HIDDEN INCENTIVES FOR AUTO-INDUCED DISTRIBU-TIONAL SHIFT

Abstract

Decisions made by machine learning systems have increasing influence on the world, yet it is common for machine learning algorithms to assume that no such influence exists. An example is the use of the i.i.d. assumption in content recommendation. In fact, the (choice of) content displayed can change users' perceptions and preferences, or even drive them away, causing a shift in the distribution of users. We introduce the term auto-induced distributional shift (ADS) to describe the phenomenon of an algorithm causing a change in the distribution of its own inputs. Our goal is to ensure that machine learning systems do not leverage ADS to increase performance when doing so could be undesirable. We demonstrate that changes to the learning algorithm, such as the introduction of meta-learning, can cause hidden incentives for auto-induced distributional shift (HI-ADS) to be revealed. To address this issue, we introduce 'unit tests' and a mitigation strategy for HI-ADS, as well as a toy environment for modelling real-world issues with HI-ADS in content recommendation, where we demonstrate that strong meta-learners achieve gains in performance via ADS. We show meta-learning and Q-learning both sometimes fail unit tests, but pass when using our mitigation strategy.

1. INTRODUCTION

Consider a content recommendation system whose performance is measured by accuracy of predicting what users will click. This system can achieve better performance by either 1) making better predictions, or 2) changing the distribution of users such that predictions are easier to make. We propose the term auto-induced distributional shift (ADS) to describe this latter kind of distributional shift, caused by the algorithm's own predictions or behaviour (Figure 1 ). ADS are not inherently bad, and are sometimes even desirable. But they can cause problems if they occur unexpectedly. It is typical in machine learning (ML) to assume (e.g. via the i.i.d. assumption) that (2) will not happen. However, given the increasing real-world use of ML algorithms, we believe it is important to model and experimentally observe what happens when assumptions like this are violated.

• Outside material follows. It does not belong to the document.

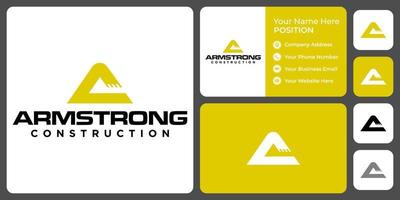 Letter C monogram mining logo design with business card template. vector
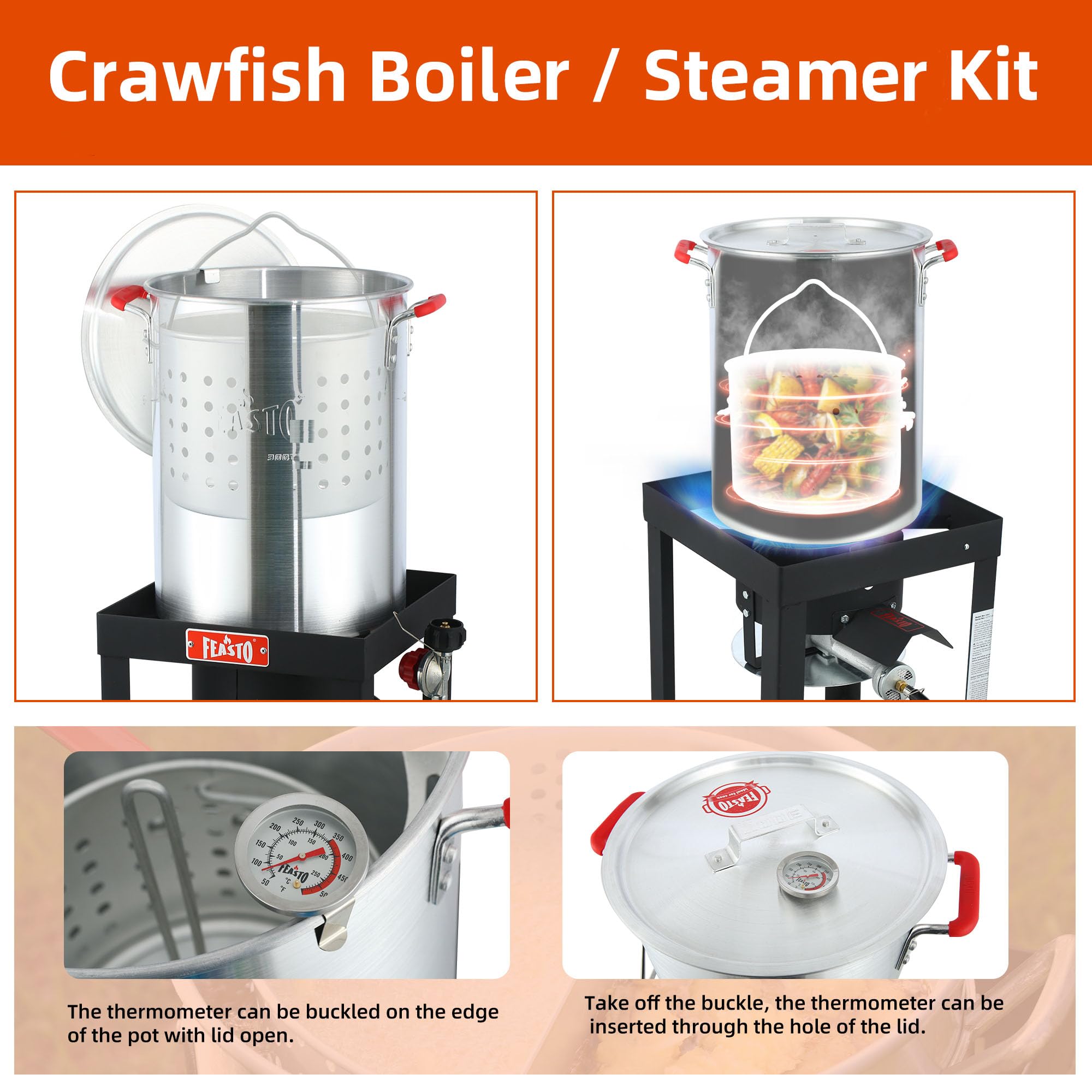 30QT Turkey Fryer & Fish Fryer Set with Basket - CSA Certified Outdoor Cooking Kit, 50,000 BTU Propane Burner for Thanksgiving, Camping & Backyard BBQs - Perfect for Deep Frying Turkey, Seafood & Chicken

This is the motivation of our work. In many cases, including news recommendation, we would consider (2) a form of cheating-the algorithm changed the task rather than solving it as intended. We care which means the algorithm used to solve the problem (e.g. ( 1) and/or (2)), but we only told it about the ends, so it didn't know 1



Figure 1: Distributions of users over time. Left: A distribution which remains constant over time, following the i.i.d assumption. Right: Auto-induced Distributional Shift (ADS) results in a change in the distribution of users in our content recommendation environment. (see Section 5.2 for details).